Material for this exercise:

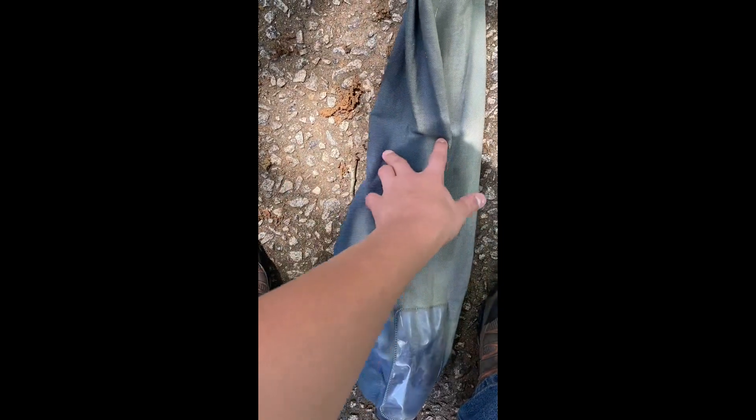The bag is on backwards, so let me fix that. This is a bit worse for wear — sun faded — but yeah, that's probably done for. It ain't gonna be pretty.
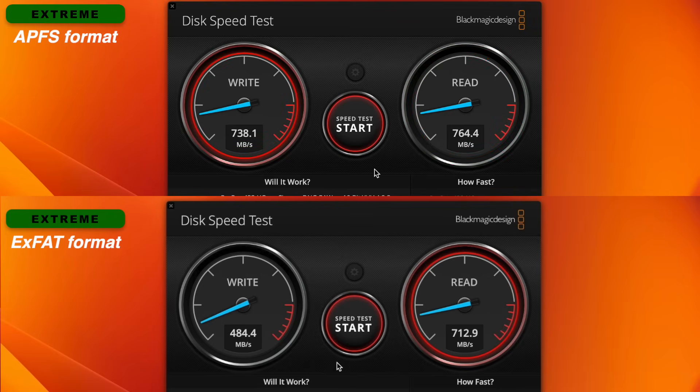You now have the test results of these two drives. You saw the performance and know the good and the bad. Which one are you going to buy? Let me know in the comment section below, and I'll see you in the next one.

--

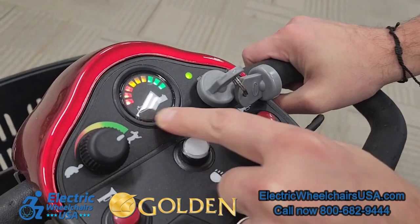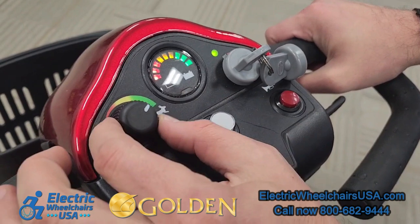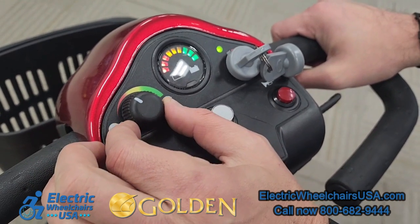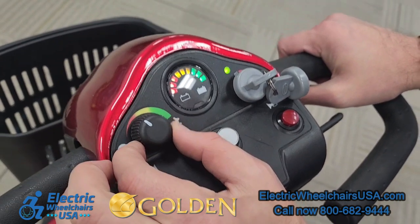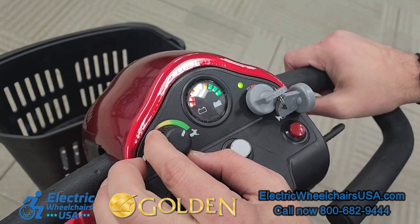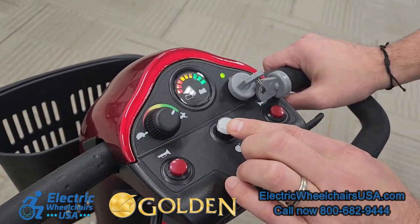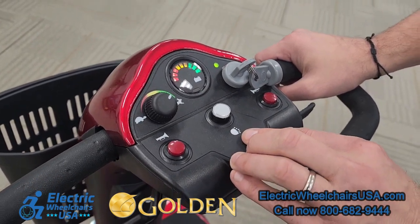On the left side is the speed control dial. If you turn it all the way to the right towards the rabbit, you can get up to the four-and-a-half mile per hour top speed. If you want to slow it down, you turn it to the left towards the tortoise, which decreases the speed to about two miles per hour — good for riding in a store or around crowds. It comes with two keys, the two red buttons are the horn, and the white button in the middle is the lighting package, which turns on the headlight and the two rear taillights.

Brief:
Only one stretch of the entries above is needed: the lines from the one containing "The bag is on" through the one containing "You now have". Copy it exactly, without the pictures.

Exercise answer:
The bag is on backwards, so let me fix that. This is a bit worse for wear — sun faded — but yeah, that's probably done for. It ain't gonna be pretty.
You now have the test results of these two drives. You saw the performance and know the good and the bad. Which one are you going to buy? Let me know in the comment section below, and I'll see you in the next one.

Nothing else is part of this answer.